Yeni Üyelik
24.
Bölüm

24. BÖLÜM “YAŞANILMASI GÜÇ SEVDALAR”

@sedbus

Keyifli okumalar ♥️

Abisinden aldığı emirle karısını aldığı gibi hızla yengesinin yanına gitmek için evden çıktı Yasir.

"Yasir ne oluyor söyleyecek misin?"

Bade adamın gerginliğinin sebebini bilmediğinden daha çok korkuyordu.

"Bir şey olduğu yok güzelim, abim gelecek birazdan iş konuşacağız"

Karısının korkusunun farkındaydı, ama daha kendisi bile ne olduğunu bilmiyordu.

Araba durduğunda hızla inip eve ilerlediler. Kapıyı çaldıklarında ikisi de gergindi.

Merdanoğlu çalan telefonun açılmasını bekliyordu sabırsızlıkla.

Sonunda kulakları duymak istediği sese kavuştu.

"Sevgilim"

Yiğit Selim derin bir soluk verdi.

"Selim, orada mısın?"

Karısını daha fazla tedirgin etmek istemeyen adam konuştu.
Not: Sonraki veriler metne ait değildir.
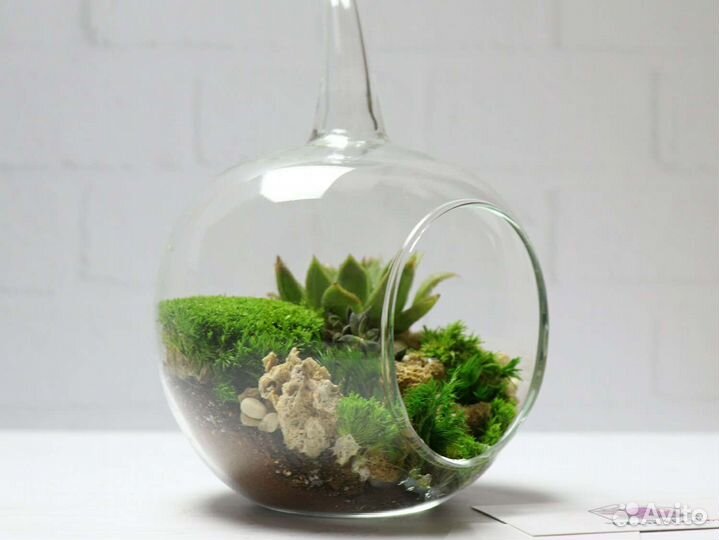 Растения суккуленты флорариум подарок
"Buradayım yavrum. Nasılsın demek için aradım"

Hüma kıkırdadı.

"İyiyim hayatım. Sen nasılsın?"

"İyiyim güzelim. Birazdan eve geleceğim canın bir şey istiyor mu?"

Hüma biraz düşündü.

"Hayır hayatım istemiyor sen gel yeter"

"Tamam güzelim, birazdan evde olurum"

Merdanoğlu telefonu kapatıp Emire döndü.

"Ne demek oluyor lan bu?"

Emir başını iki yana salladı.

"Bilmiyorum abi. Kameraları inceleteceğim şimdi"
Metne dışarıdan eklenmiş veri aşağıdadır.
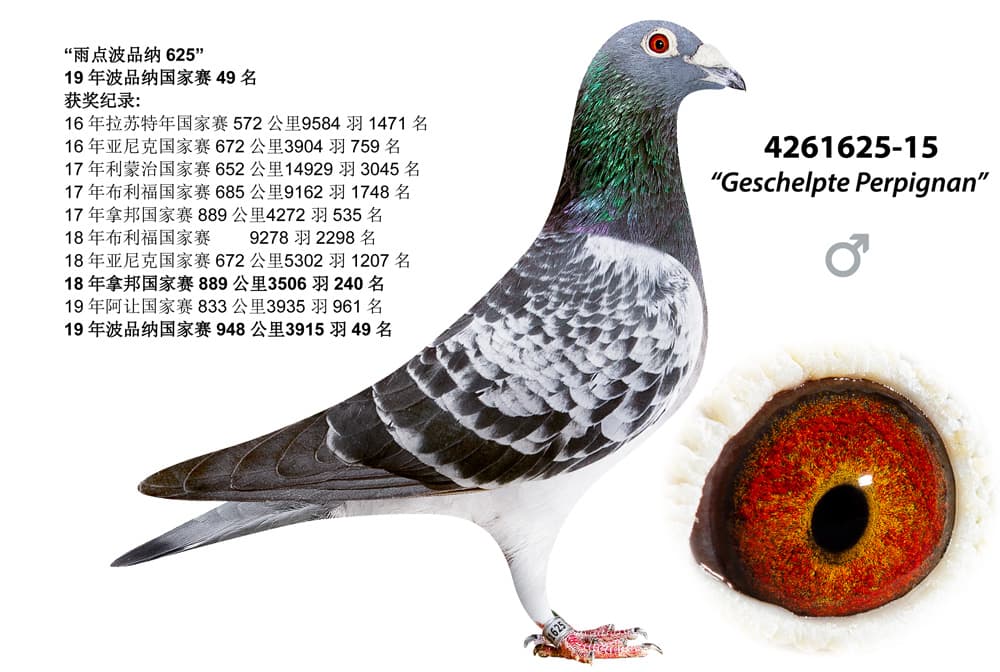 pigeon: undefined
Yiğit Selim hızla şirketten çıkıp arabaya bindi. Hümayı endişelendirmek istemiyordu.

Bu olay çözülene kadar gözü kulağı kadında olmalıydı.

Arabayı hızla sürerken aklı bunu kimin yapabileceğine takılıp duruyordu.
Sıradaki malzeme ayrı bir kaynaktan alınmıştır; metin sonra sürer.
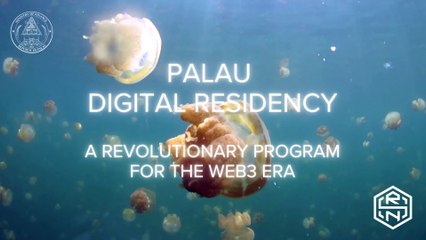 Palau's Digital Residency Program: Your Gateway to a Global Digital Identity!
Araba koca bahçeye girdiğinde aynı hızla arabadan inip eve girdi.

Salonda oturan Yasir ve Badede gezindi gözleri önce. Ardından bir diğer köşede oturan karısına baktı. Geldiğini fark etmemiş olacak ki hala Badeye bir şeyler anlatıyordu.

Yasir ayaklanıp adamın yanına geldi.

Hüma da adamın geldiğini fark edip kalktı.

Bir iki adımda adamın yanına gelip koluna dokundu

"Hoş geldin"

Merdanoğlu içinde ki savaşı kısa bir anlığına susturup karısına çevirdi bakışlarını

"Hoş buldum güzelim"

Yasire kaşlarıyla bahçeyi işaret edip tekrardan Hümaya baktı.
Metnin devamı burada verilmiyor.